(What is needed): Without the pictures, repeat all of the data exactly as it appears below.

=== Recorded data ===

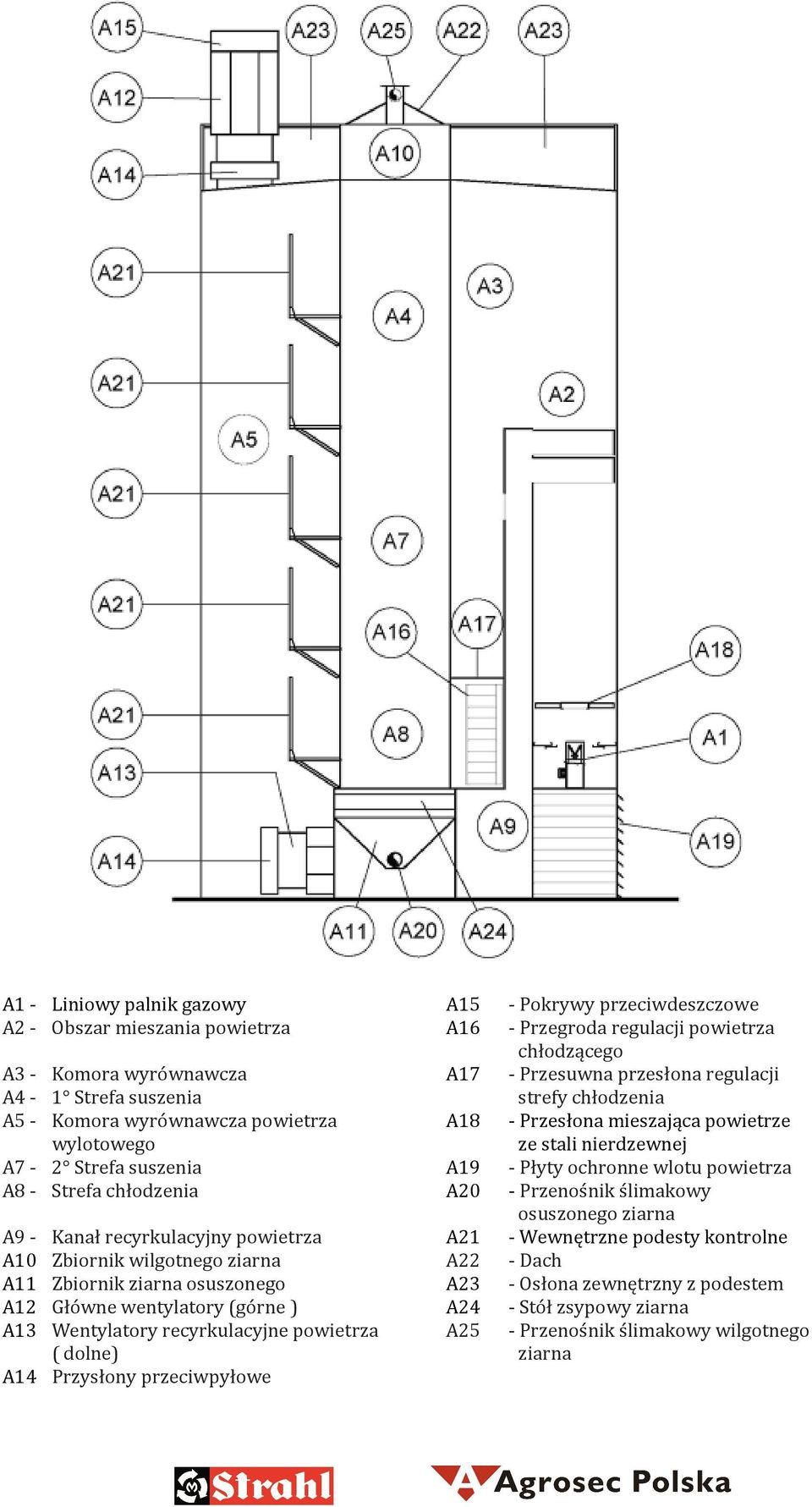 A8 - Strefa chłodzenia A20 - Przenośnik ślimakowy osuszonego ziarna A9 - Kanał recyrkulacyjny powietrza A21 - Wewnętrzne podesty kontrolne A10 Zbiornik wilgotnego ziarna A22 - Dach A11 Zbiornik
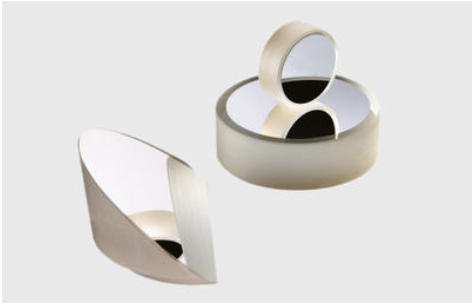 Screen Shot 2022 01 20 At 3 43 47 Pm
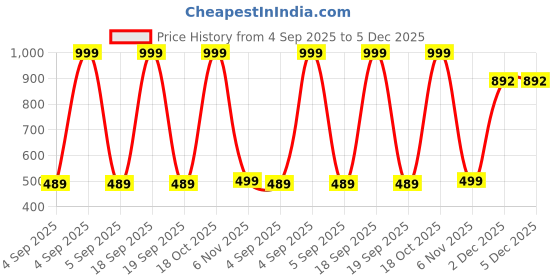 myntra.com Eleni Trendz Men Digital Printed Mandarin Collar Shirt Style Kurta eleni trendz Price History Graph from 4 Sep 2025 to 5 Dec 2025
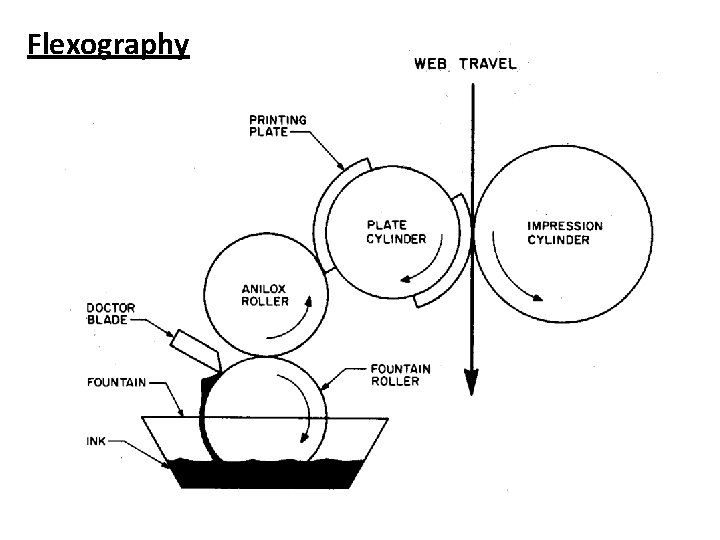Flexography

===

(Solution for this problem):
 A8 - Strefa chłodzenia A20 - Przenośnik ślimakowy osuszonego ziarna A9 - Kanał recyrkulacyjny powietrza A21 - Wewnętrzne podesty kontrolne A10 Zbiornik wilgotnego ziarna A22 - Dach A11 Zbiornik
 Screen Shot 2022 01 20 At 3 43 47 Pm
 myntra.com Eleni Trendz Men Digital Printed Mandarin Collar Shirt Style Kurta eleni trendz Price History Graph from 4 Sep 2025 to 5 Dec 2025
Flexography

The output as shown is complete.